Easy Ways to Change Up Lazy Keto Meals

Feb 16, 2023
Elina Balode
, nutritionist
What you’ll learn

    Does the thought of eating the same meals over and over again leave you feeling bored and uninspired? Don’t worry; you can make your lazy keto meals more exciting with a few simple swaps and tweaks. Variety is key with any diet, especially a low-carb one like keto, so don't be afraid to try something new.

    This article will provide you with some easy ways to make your lazy keto meals more enjoyable. By the end, you'll have all the tools you need to make delicious, nutritious changes to your meals while keeping you on track with your keto diet!

    What is a lazy keto diet?

    A ketogenic (keto) diet is a low-carb, high-fat dietary approach that focuses on eating fewer processed foods and simpler meals. A keto diet generally restricts carbohydrate intake, resulting in a metabolic state in which the body utilizes fat as its primary fuel source.

    Lazy keto is similar to the mainstream, strict keto diet in that it encourages weight loss, increased energy levels, and improved health overall. The difference is that lazy keto doesn’t require macronutrient (such as carbohydrates, fats, and proteins) tracking or calorie intake tracking. This makes it easier to adhere to than the more strict keto diet.

    Defining a lazy ketogenic diet.

    Strict keto is what most people start out with.

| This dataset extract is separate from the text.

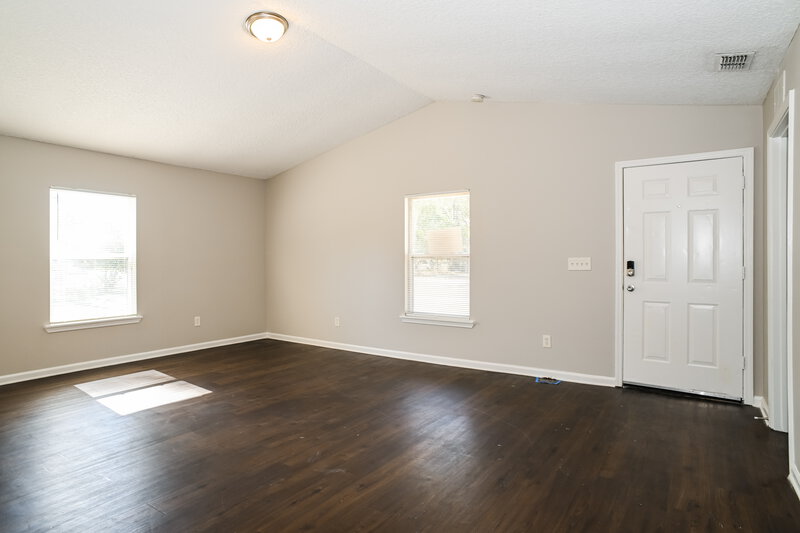 1,465/Mo, 9105 11th Ave Jacksonville, FL 32208 Living Room View 3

Keto dieters count macronutrients, a process that consists of tracking the number of grams of each nutrient they consume per day. For example, a strict keto diet may require a person to eat between 15 and 30 grams of carbohydrates daily. Additional tracking, such as monitoring calorie intake, is also used. This is the most traditional way to adhere to the keto diet, but it can be tedious.

    Lazy keto, on the other hand, doesn’t require macronutrient tracking, and the people who find it difficult to stick to a traditional keto diet often find that this approach is easier to maintain. The focus of lazy keto is on eating fewer processed foods and choosing simple meals that take the guesswork out of weekly meal prep and macro counting.

    Take a sneak peek at a CertifiedKetoDiet meal plan to learn more.

    Benefits of following a keto diet

    While the keto diet is widely known for its weight loss benefits, it also offers other health benefits. Let's take a look at some of the main benefits of following a keto diet.

    Weight loss

    One of the most popular reasons for going on a keto diet is its ability to promote weight loss. When you transition from high- to low-carb foods, your body will deplete its glycogen stores and switch over to burning fat for fuel.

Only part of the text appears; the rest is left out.